This solves the cross-domain problem because tokens are sent in the request header, not as cookies. Headers work the same way regardless of which domain the request comes from.

This solves the scalability problem because the server doesn't store sessions. Verifying a token is a quick cryptographic check, not a database lookup.

This solves the mobile problem because any client that can send HTTP headers can use JWT. Mobile apps, desktop apps, other servers – they all work the same way.

Step 1: How to Set Up the Project and Install the Dependecies

1.1 How to Create the Project

Open your terminal, navigate to where you want your project to live, and run the following commands:

mkdir notes-project

cd notes-project

1.2 How to Create a Virtual Environment and Install the Required Dependencies

You will create a virtual environment here. Type the following command:

python3 -m venv venv

The above command creates a virtual environment inside a folder called venv. The first venv is the command and the second venv represents the name of the folder. You can name the folder anything though venv is usually preferred.

To activate the virtual environment, we need to use the following command:

On macOS/Linux:

source venv/bin/activate

On Windows:

venv\Scripts\activate

You'll know it worked when you see (venv) at the beginning of your terminal prompt. From this point on, any Python packages you install will only exist inside this virtual environment.

With the virutal environment activated, install Django, Django Rest Framework, and Simple JWT Framework using the command:

pip install django djangorestframework djangorestframework-simplejwt 

You can verify everything installed correctly by running:

pip list

You should see all three packages listed along with their dependencies.

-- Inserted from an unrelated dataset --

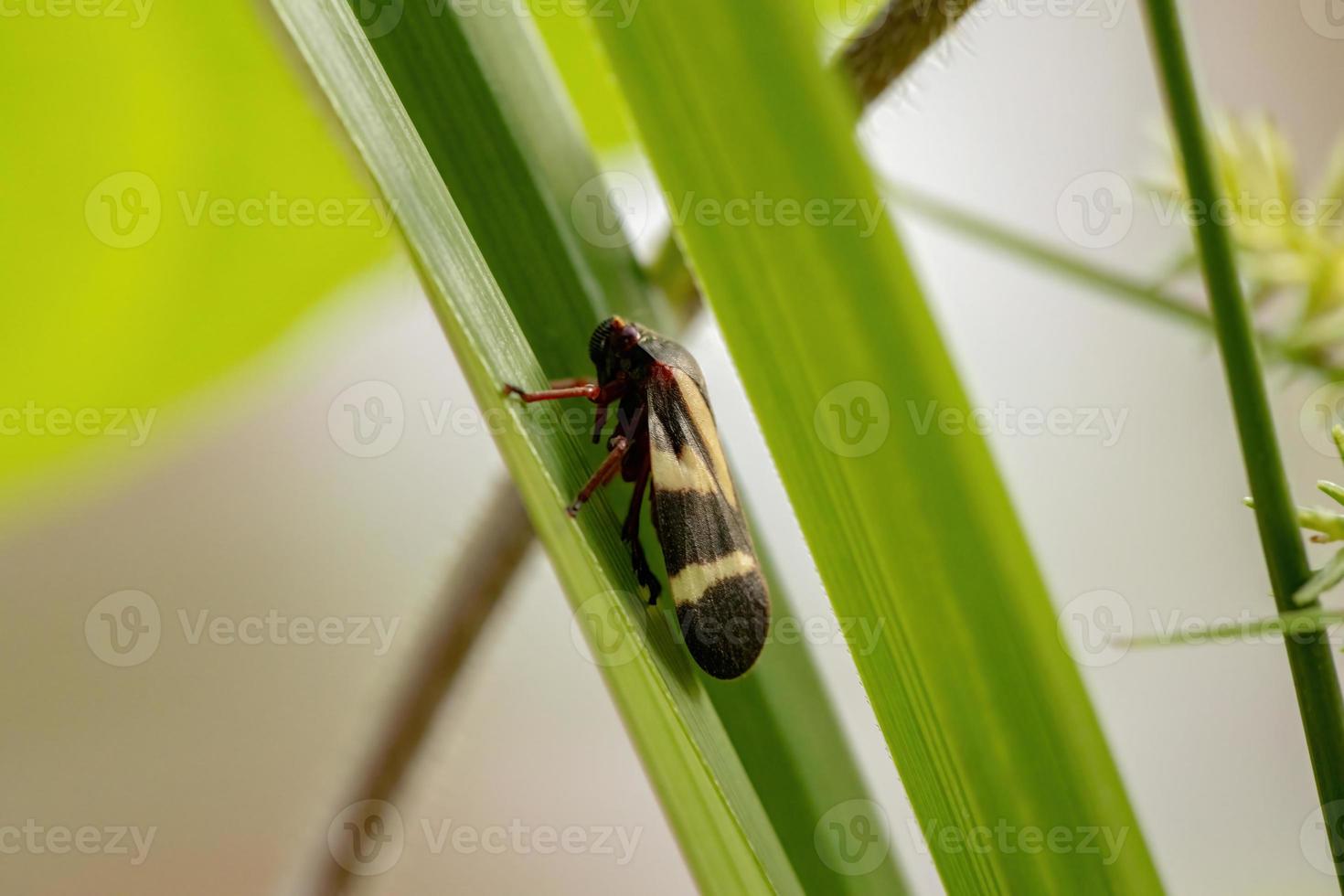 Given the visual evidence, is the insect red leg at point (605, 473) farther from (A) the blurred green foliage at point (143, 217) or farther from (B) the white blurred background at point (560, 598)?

1.3 How to Create the Project and the App

Run the following command to create the Django project:

django-admin startproject notes_core .

The dot at the end is important. It tells Django to create the project files in your current directory instead of creating an extra nested folder.

Now let's type this command to create the app:

python manage.py startapp notes

1.4 How to Register the App and Django Rest Framework (DRF)

Open notes_core/settings.py and add rest_framework and notes in the INSTALLED_APPS list:

Django now knows about your new app and the REST framework. Let's move on to the most important architectural decision you'll make for this project.

Step 2: How to Create a Custom User Model

If you've built Django projects before, you might have used Django's default User model. For quick prototypes, that works fine. But for any project you plan to grow or maintain, starting with a custom user model is a best practice you should never skip.

Here's why: Django's default User model uses a username field as the primary identifier. If you later decide you want users to log in with their email address instead, or you need to add a profile picture field, or a phone number, then you're stuck.

Using a custom user model gives you full control over what a "user" means in your app. Instead of being tied to a username, you can design login around something more practical, like email or phone_number for a fitness or mobile-based app. You can also include fields like role (doctor, patient, receptionist in a clinic system) or date of birth directly in the user model, instead of managing a separate profile.

It also helps future-proof your project. If you start with the default model and later decide to switch login from username to email, or add required fields, it becomes difficult and risky to change. Using a custom user model from the beginning avoids this problem and makes it much easier to adapt your authentication system as your app grows.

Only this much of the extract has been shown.